Before: Cavanagh, P.J., and Gage and D.A. Burress,* JJ.
PER CURIAM.
Plaintiff appeals as of right trial court order granting defendants' motion for summary disposition
pursuant to MCR 2.116(C)(10). Plaintiff brought this action against his employer claiming breach of
contract, violation of his constitutional rights pursuant to 42 USC 1983, violation of the Civil Rights Act,
MCL 37.2101 et seq.; MSA 3.548(101) et seq., constructive discharge, and violation of the Employee
Right To Know Act, MCL 423.501 et seq.; MSA 17,62(1) et seq. On appeal, plaintiff claims that the
trial court erroneously dismissed his breach of contract claim for failure to include his union as a
defendant and erroneously determined that plaintiff failed to submit factual support for his remaining
claims. We affirm.
On appeal, an order granting or denying summary disposition is reviewed de novo.
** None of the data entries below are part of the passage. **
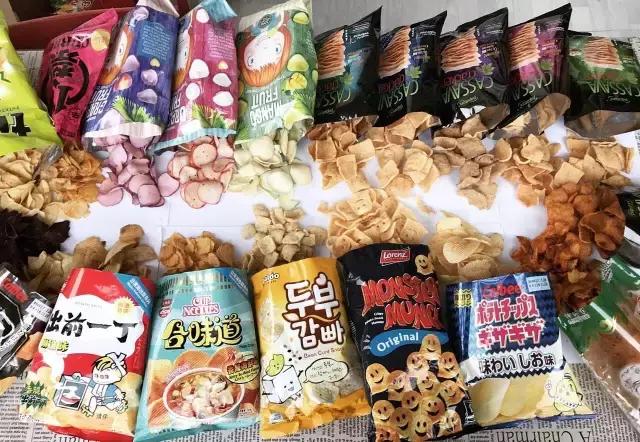 20种网红薯片测评，你最想吃哪一种？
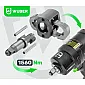 Mutterdragare 1/2" 1560 Nm, tryckluft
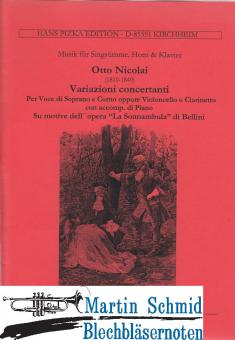 Variazioni concerti (Hr.Sopran) 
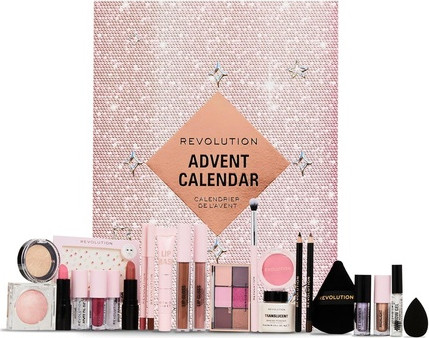 Подарочный набор косметики Revolution Holiday Advent Calendar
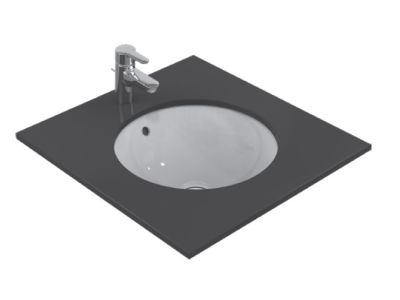Lavoar Ideal Standard Connect Sphere 38x38cm, montare sub blat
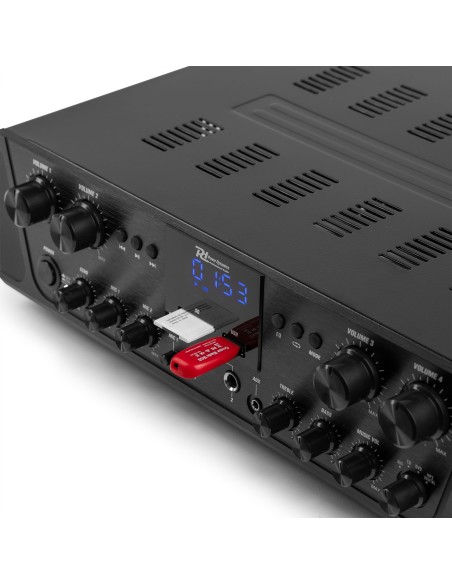 EQUIPO DE SONIDO VENICE 6 HILO MUSICAL 4 ZONAS Blanco - 4 altavoces 6,5 pulgadas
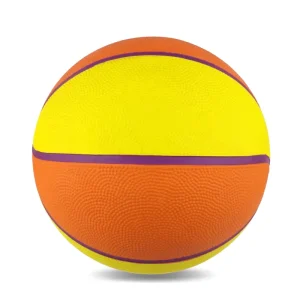 Factory Directly Price Official Size 7 Colorful Custom Logo Rubber Basketball Ball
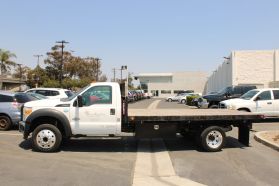 2012 FORD F550 SUPER DUTY REGULAR CAB & CHASSIS 165" W.B. 2D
A motion
for summary disposition may be granted pursuant to MCR 2.116(C)(10) when, except as to the amount
of damages, there is no genuine issue of material fact and the moving party is entitled to judgment as a
matter of law. Giving the benefit of reasonable doubt to the nonmovant, the trial court must determine
whether a record might be developed that would leave open an issue upon which reasonable minds
might differ. Plieth v St Raymond Church, 210 Mich App 568, 571; 534 NW2d 164 (1995).
I
In his first issue, plaintiff argues that the trial court erroneously dismissed his breach of contract
suit against defendant Wayne County because plaintiff did not also bring an action against the union for
* Circuit judge, sitting on the Court of Appeals by assignment.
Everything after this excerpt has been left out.